And when Truong’s group was tasked to come up with a way to connect libraries with a current innovation happening in the world, they thought of trying to capture and archive the Hong Kong Occupy tweets—“to put them into a safe zone in a library for everyone to access and see,” says Truong.
What are the ethical implications of collecting political tweets?
“But,” she says, “there were implications that we had to consider.” Is it ethical to collect tweets without permission? What about the deleted tweets—does it make a difference if they were deleted by a government or by the original author?
The project ballooned, and Truong and her fellow students, Kali Braden, Alexander Herd and Brian Lau, ended up creating a comprehensive proposal. They set out guidelines for capturing social media posts that take copyright and ethical issues into account (for example, librarians could store data in a so-called “dark archive” and only give access to professors for educational use). They suggested universities like U of T hire a dedicated librarian to capture political tweets. And they proposed the creation of an institution called PARC—Political Archive—that could hold social media posts from around the world, documenting, unsanitized, how politics unfold in real time.
“We interviewed U of T librarians—copyright librarian Bobby Glushko and government librarians Sam-chin Li and Nich Worby,” says Truong. “They helped us work out the issues.”
How scholarships supported an important proposal
The team have presented their idea at library conferences, submitted a paper to academic journals, and applied for a grant to do more research.
The hours Truong dedicated to the project are all the more impressive because she was simultaneously fast-tracking her degree. “I knew I needed to make money quicker, to help my parents at home,” she says. “I took five courses in the winter semester and three over the summer, so I could finish a term early.”
Scholarships were key for Truong, who was awarded the Florence Partridge Scholarship and the Paul Chan Po Sum and Rose Chan Wong Chi Chiu Memorial Bursary during her studies. “I had to decrease the hours I worked at my job when I started school,” she explains. “I was worried I wasn’t able to pay my tuition, but the scholarship covered the portion that I was worried about.
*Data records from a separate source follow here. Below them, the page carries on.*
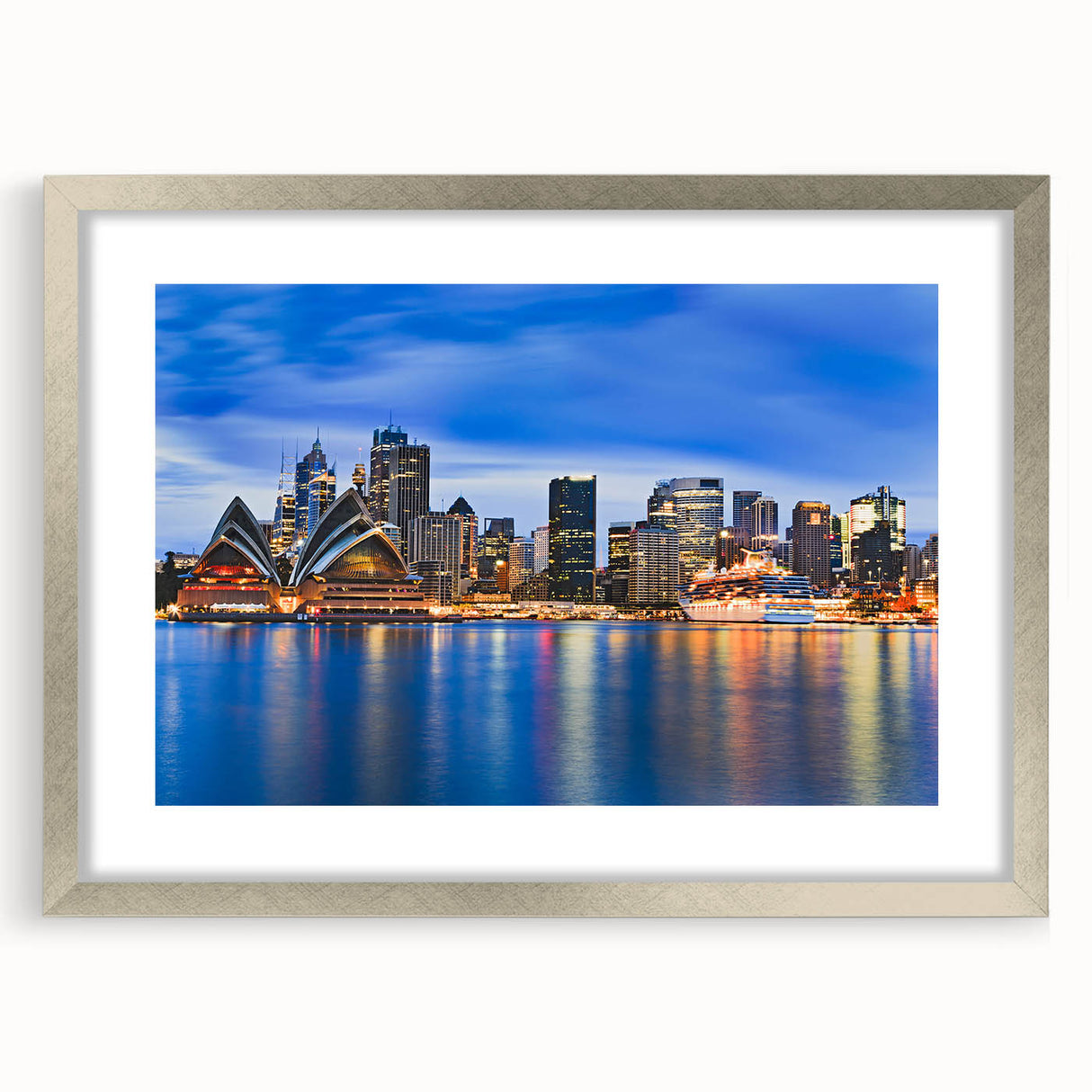 Extra large abstract art print of Sydney scenery in muted blue tones, framed in silver, ideal for living room decor.
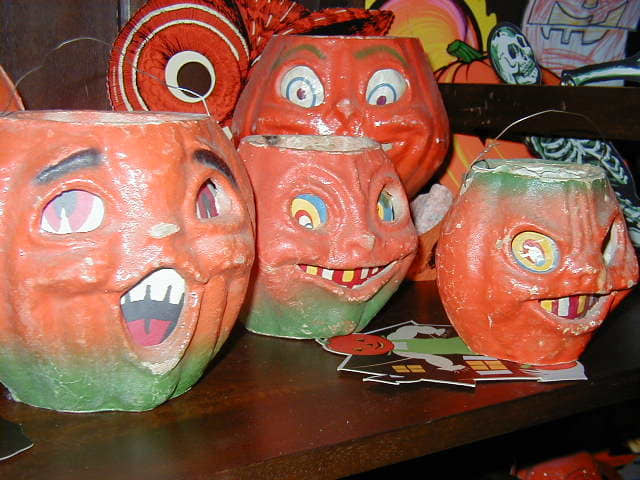 Whether those pumpkins are grinning or scary, they are amazingly expensive if they are not reproductions.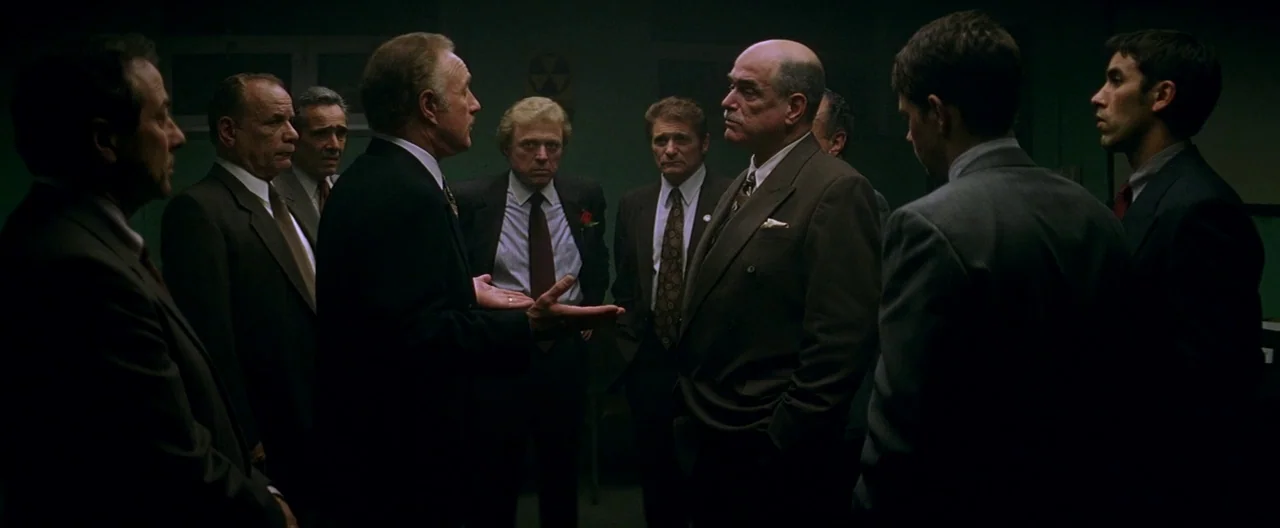 The Yards (2000) movie still: fullbody — A dimly lit industrial room contains a group of men in formal business suits. The men stand in a circle…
It released a lot of my stress.”
Why studying tweets builds global connections
She also balanced her heavy workload with intramural volleyball, and by helping the U of T chapter of Librarians without Borders raise funds to stock libraries in Guatemala. Now that she’s graduated, Truong hopes to include public education in her future librarian jobs. “I want to work in a public library for sure,” she says. “I like the sense of outreach and I like the sense of program.”
The PARC project played a part in solidifying her interest in outreach projects. “It helped me to really think about people’s perspective from around the world,” she says. “When we just hear the news, we don’t know what people are feeling and what they’re going through. If we can capture these tweets, we’ll be able to see the exact moments.”